The comparison of the results of the SSS and the k-NN supervised classifications (Figure 14) showed some notable characteristics. According to the SSS interpretation, 66.4% of the seabed appraised by all three approaches is classified as “hard substrate” (R1), whereas according to the DJIP4M orthomosaic and the PlanetScope satellite image classifications, the hard substrate occupies 59% and 70% of the appraised area, respectively. It is obvious that there are discrepancies in the results of both orthomosaics in shallow waters since they indicate the presence of hard substrates (Figure 14) in areas where sands with scattered ripples (R3) were observed; this is particularly apparent in the satellite image classification.

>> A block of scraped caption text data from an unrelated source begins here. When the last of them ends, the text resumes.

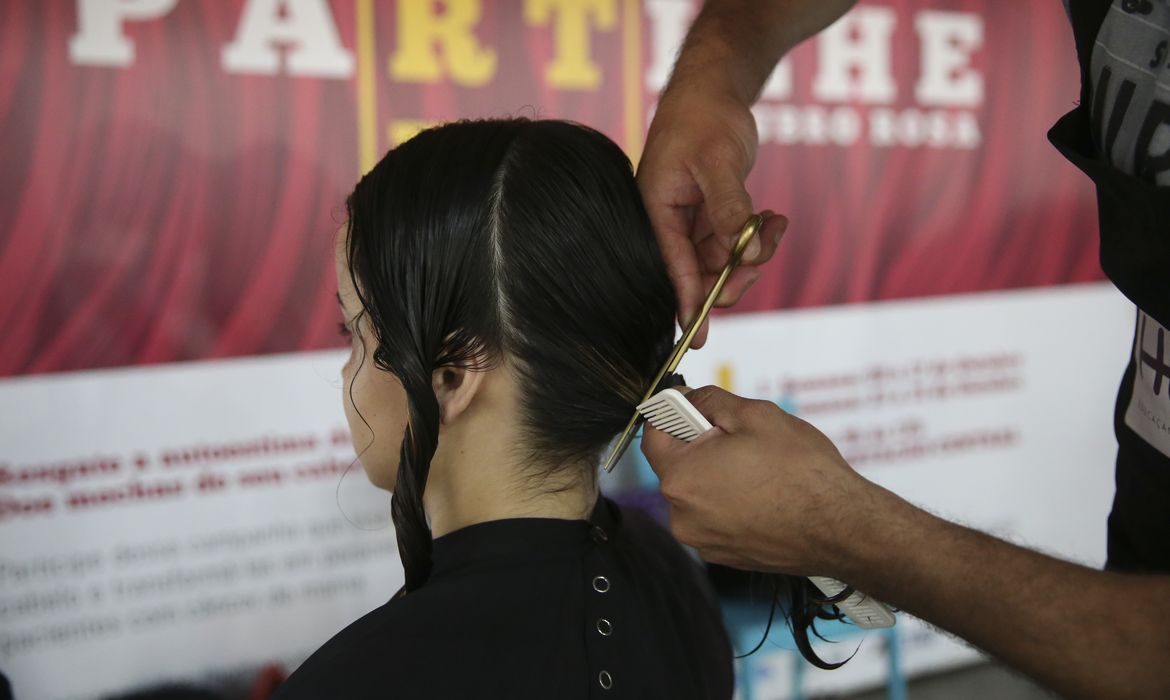 Brasília - Começou nesta segunda-feira (9), na Estação Central (Rodoviária do Plano Piloto), campanha solidária Corte e Compartilhe, que incentiva a doação de cabelo para confecção de perucas para pacientes com câncer de mama  (José Cruz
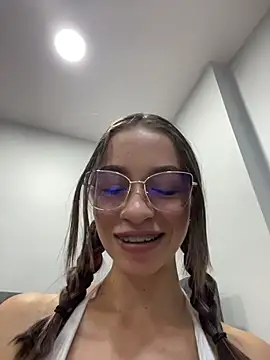 Chloe_Key Webcam Show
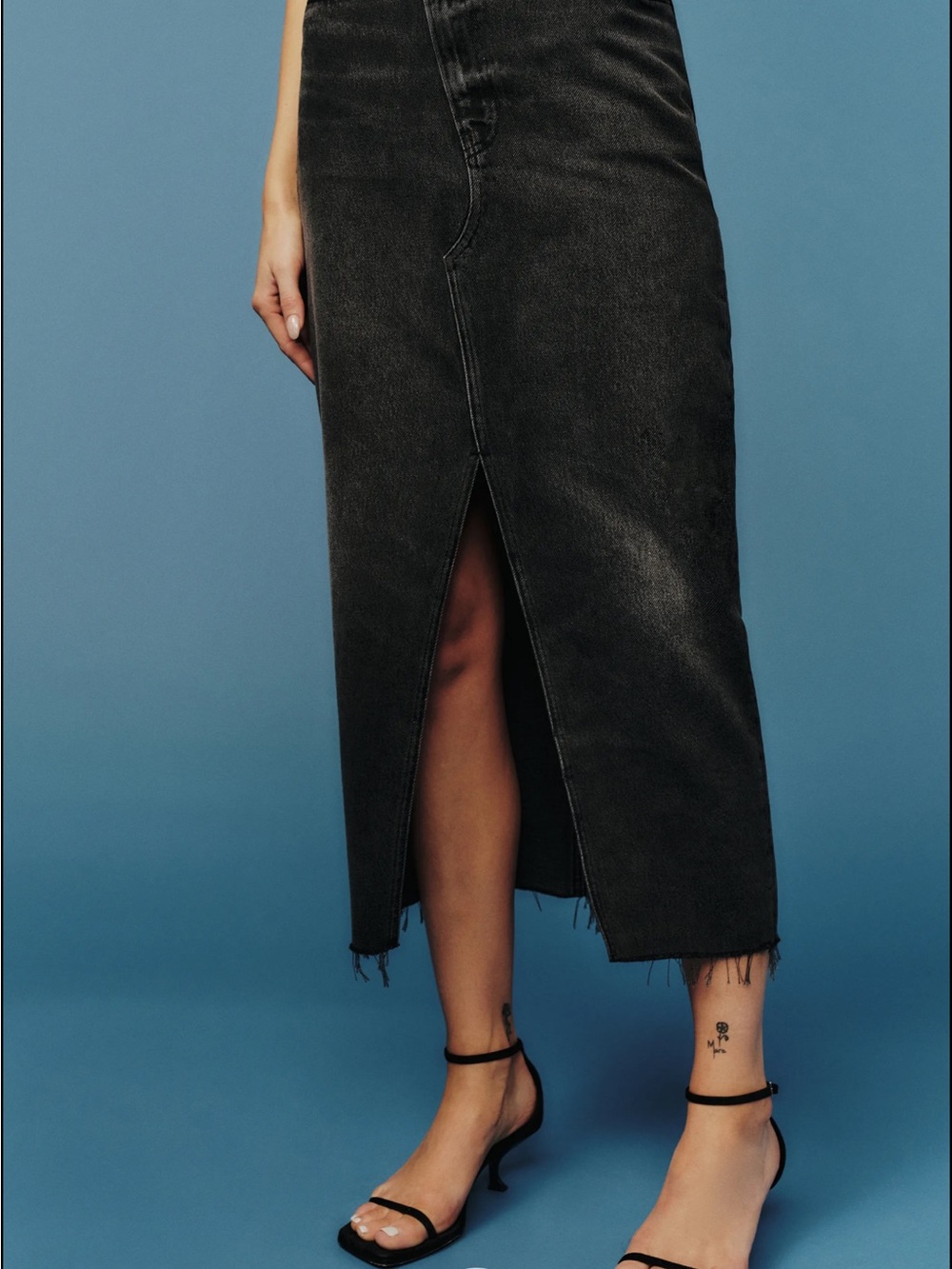 Reformation Nila Black Midi Denim Skirt with Front Slit sz 26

In addition, the SSS classification indicates that 5.6% of the appraised area is associated with rippled sands (R2), whereas the classifications from the DJIP4M and the PlanetScope data indicate 15% and 7%, respectively. The larger discrepancy in the DJIP4M classification might be due to its high spatial resolution; while higher-resolution images may capture intricate details, they can also introduce higher variability and noise (e.g., sunglint, turbidity, waves) in the classification. Conversely, the lower-resolution satellite imagery yields more consistent results compared to the SSS classification as it averages the spectra into larger pixels, effectively smoothing out local variations.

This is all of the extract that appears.